Where The Demand Arises
To date, 401(k) brokerage accounts have been most popular among two types of employers: those that are very large and inclined to offer as many investment options as possible to their broadly diversified work force, and smaller, white-collar companies where an above-average percentage of employees are likely to have investment expertise.
Law firms, accounting firms, engineering companies, and software concerns have been among the first to adopt such accounts, according to Jeffrey Close, a vice president of Access Research.
Stephen Butler, president of Pension Dynamics Corp., a third-party pension-administration firm in Lafayette, Calif., says: "The brokerage-account option is a very effective tool because it blunts criticism of a plan over its investment choices. You open up the entire universe of traditional investment opportunities without saddling the entire plan with the cost of providing that flexibility."
Plan sponsors don't pay extra to offer brokerage accounts because the associated costs--typically a small annual fee plus any trading commissions--are charged directly to the plan participants who use the accounts.

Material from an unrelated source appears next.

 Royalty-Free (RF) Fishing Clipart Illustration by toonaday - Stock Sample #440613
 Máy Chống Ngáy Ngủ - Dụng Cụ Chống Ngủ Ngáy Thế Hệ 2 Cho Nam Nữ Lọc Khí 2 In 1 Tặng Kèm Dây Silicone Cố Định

At TAP, employees who use Schwab's Personal Choice Retirement Account pay a $250 setup charge and an annual fee of $100, plus any commissions or mutual-fund sales fees they incur. Butler's company charges plan participants $500 per year plus applicable commissions or sales fees.
Not For Everyone
Although offering access to a wide variety of investment options could be beneficial for some employees, for others it could be like giving a person with a sweet tooth the keys to a candy store. Overly enthusiastic or unsophisticated investors could buy stocks based on ill-advised tips or could churn their accounts in bursts of overzealous trading, piling up trading commissions that would eat deeply into their profits. Critics fear that unsophisticated investors would lose a substantial portion of their retirement savings.

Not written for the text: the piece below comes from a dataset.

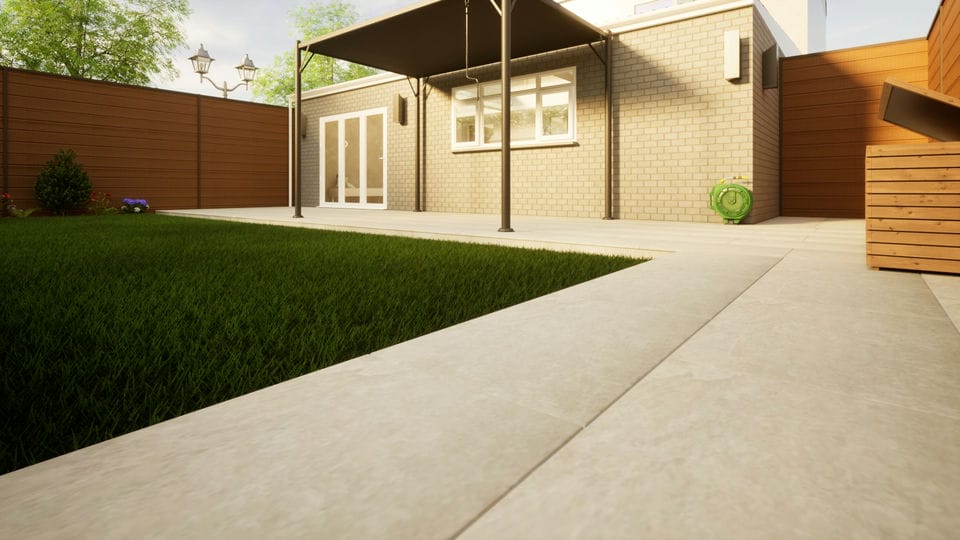 Porcelain Paving - 900mm x 600mm x 20mm Florence Storm - Pack of 2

"For the average participant who doesn't already have some expertise in buying and selling individual securities, it's not a particularly useful option," says Close.
At TAP, which publishes trade magazines and operates a commercial printing business, only four of the 118 employees enrolled in the company's 401(k) plan take advantage of the brokerage-account option, and one of them is Kahle. Rather than push other employees to join him, Kahle worries about making sure that investment novices don't get in over their heads.

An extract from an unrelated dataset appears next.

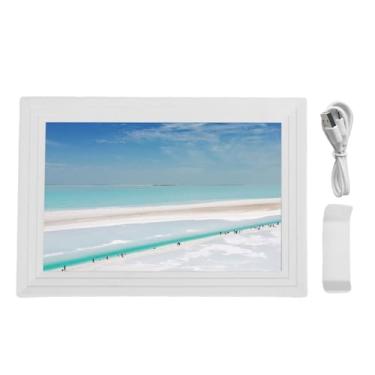 Imagem de Tnfeeon Porta-retratos Digital, Tela Sensível Ao Toque HD Inteligente de 10,1 Polegadas Com Rotação Automática WiFi Suporta Reprodução de Música de Vídeo para Vídeos Instantaneamente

"Before an employee takes advantage of this, I undertake to make sure they know what they're getting into," Kahle says. "This option would actually represent a disadvantage to employees if they were not knowledgeable about investments and started using the account to haphazardly make decisions, like chasing the hot fund of the day."
Of course, not every company has someone who, like Kahle, has the time, financial savvy, or inclination to help employees decide whether a brokerage account is right for them. Instead, some employers try to safeguard their workers by limiting the investment choices available through the brokerage accounts.
Schwab will make trading in stock options available on a limited basis through its Personal Choice Retirement Account, for example, but TAP Publishing excluded access to stock options in its plan.
Some companies go even further, limiting investment choices strictly to mutual funds, albeit far more than are available in 401(k) plans without brokerage-account options.
Making It Happen
If your company's 401(k) plan is administered by a third party, a company that oversees the plan's operations but doesn't provide the investment vehicles, chances are you could add a brokerage-account option with relatively little trouble.